News

The Big Bet in Europe


It’s crunch time in Europe.

As periphery country problems worsen, European leaders come together to try to save the euro. Yesterday’s New York Times suggests that Germany is now open to pooling European debt, though with some strict limitations.

“German officials remain adamant that they are not talking about euro bonds, or jointly issued debt, which they have dismissed as unconstitutional” the NYT writes.

The NYT notes the urgency, citing former German foreign minister and INET Berlin conference speaker Joschka Fischer as saying “the European house is on fire.” And the article mentions George Soros’s recent speech at the Festival of Economics in Trento, Italy, where Soros said that Europe has 3 months to save the euro. “Nothing can be done without German support,” Soros also is quoted as saying.

Felix Salmon at Reuters also examines Soros’s recent speech, focusing on Soros’s suggestion that, as Salmon puts it, the “European-unity project is a bubble, which could burst at any minute.”

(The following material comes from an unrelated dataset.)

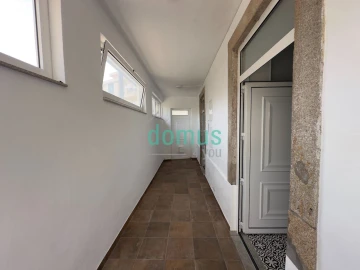 Apartamento T2 para Arrendamento em Paranhos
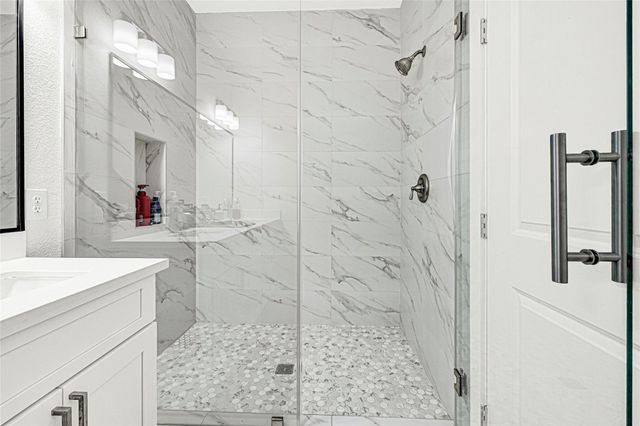 1107 Brooks Street, Houston, TX 77009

But Salmon disagrees that Europe is doomed to fail, suggesting that because the Bundesbank now holds €660 billion in peripheral-country claims, Germany won’t allow the European periphery to collapse lest the Bundesbank face insolvency to the tune of about €1 trillion. This deficit could be taken care of by the reintroduction and printing of Deutschmarks, but Salmon thinks that “a world where the Bundesbank is willing to print €1 trillion worth of Deutschmarks is simply not the world we’re living in, and the Germans will do pretty much anything to avoid that outcome.”

This is the bet Salmon made with Deputy Editor of Business Insider Joe Weisenthal: will Germany allow the periphery to collapse and exit or will Germany try to save the euro? Salmon makes his case – who do you think will win the bet?